> [YOUR GOAL]: Once the pictures have been set aside, copy every remaining entry exactly.

> [RECORDS FOR THE TASK]:
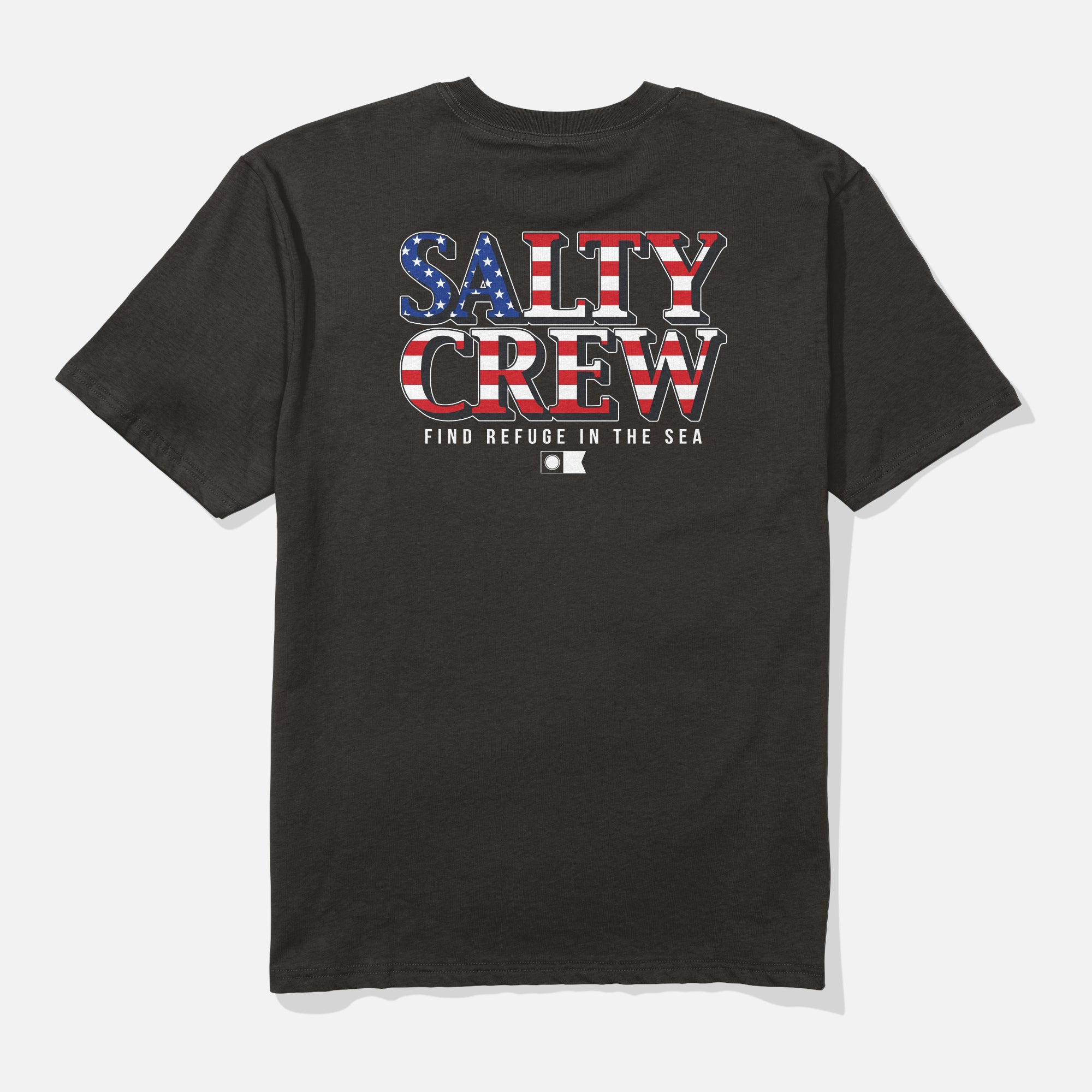 Salty Crew Mens Shirt America Optic Classic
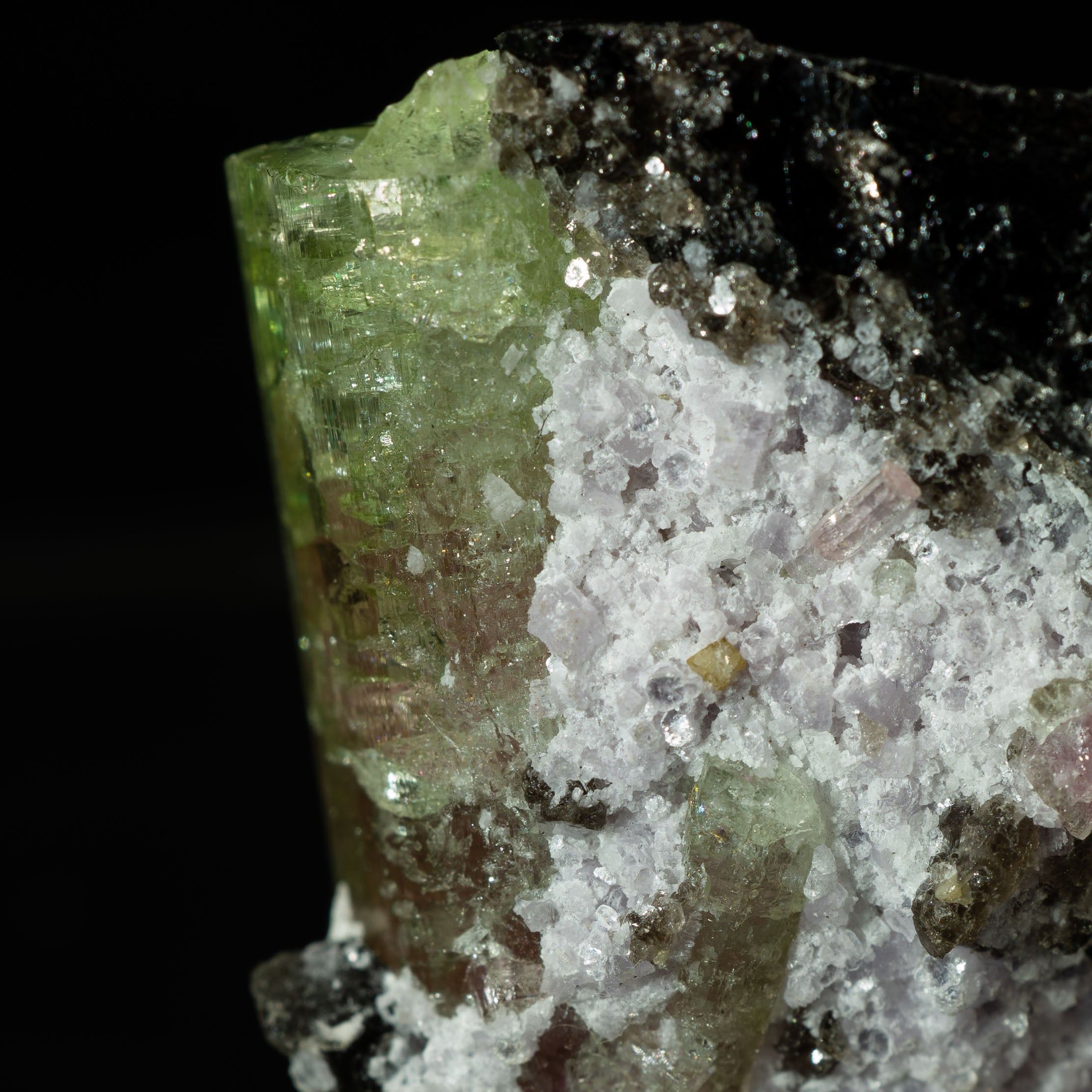 Watermelon Tourmaline Cluster DT 169ct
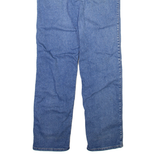 LEVI'S Irregular Mens Jeans Blue Straight 90s Stone Wash W33 L31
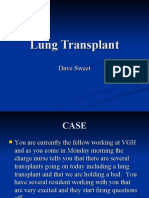 UBC - Lung Transplantation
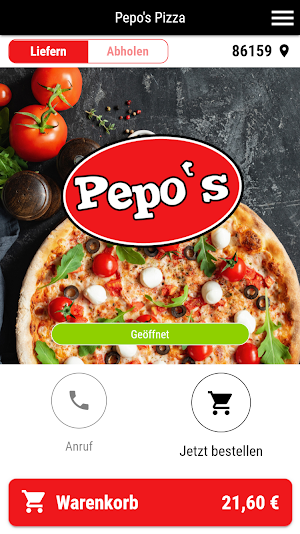 Pepo's Pizza Screenshot 0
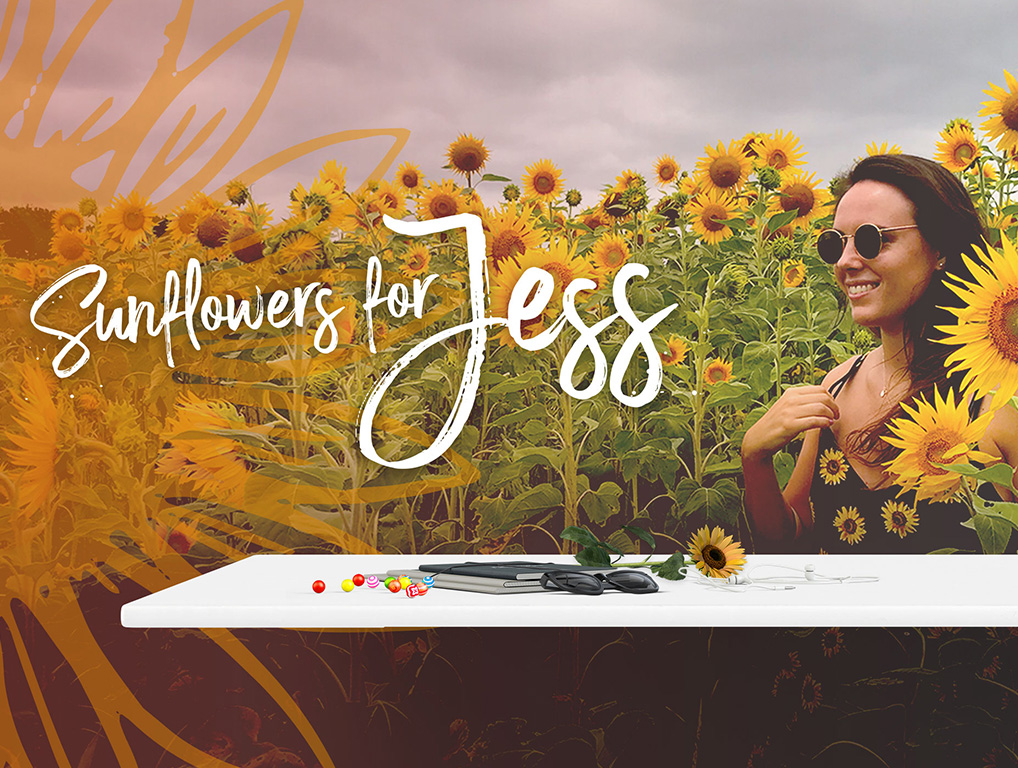 Sunflowers for Jess Sunflowers for Jess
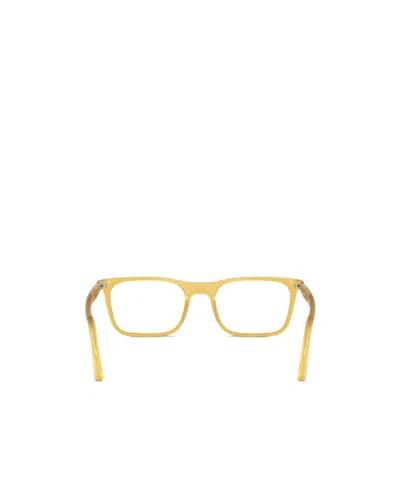 Persol Geometric Flat Mirror In Gold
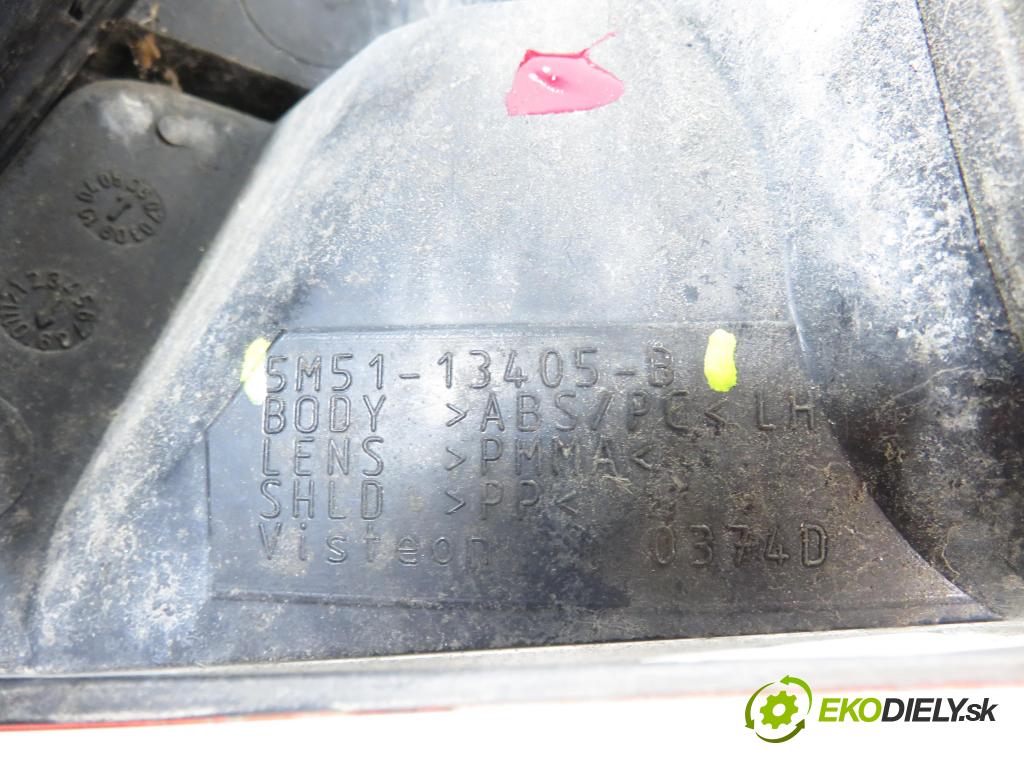 FORD FOCUS II sedan (DB_, FCH, DH) SEDAN 2006 74,00 1.6 - SHDB 1596,00 Svetlo ľavé zadné 5M5113405B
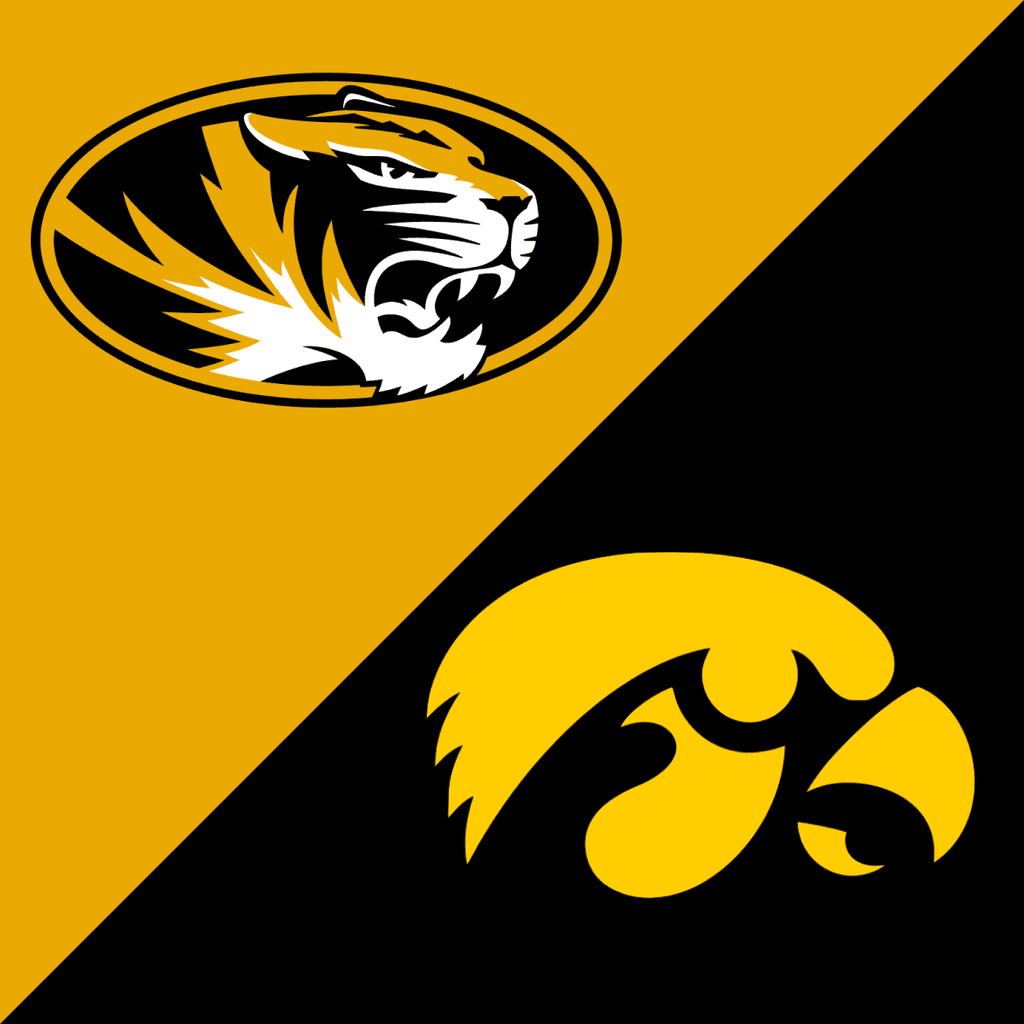 CFB: Missouri vs. Iowa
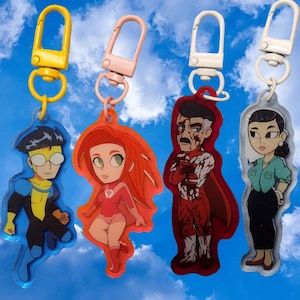 Invincible Keychains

> [RESULT BELOW]:
 Salty Crew Mens Shirt America Optic Classic
 Watermelon Tourmaline Cluster DT 169ct
 LEVI'S Irregular Mens Jeans Blue Straight 90s Stone Wash W33 L31
 UBC - Lung Transplantation
 Pepo's Pizza Screenshot 0
 Sunflowers for Jess Sunflowers for Jess
 Persol Geometric Flat Mirror In Gold
 FORD FOCUS II sedan (DB_, FCH, DH) SEDAN 2006 74,00 1.6 - SHDB 1596,00 Svetlo ľavé zadné 5M5113405B
 CFB: Missouri vs. Iowa
 Invincible Keychains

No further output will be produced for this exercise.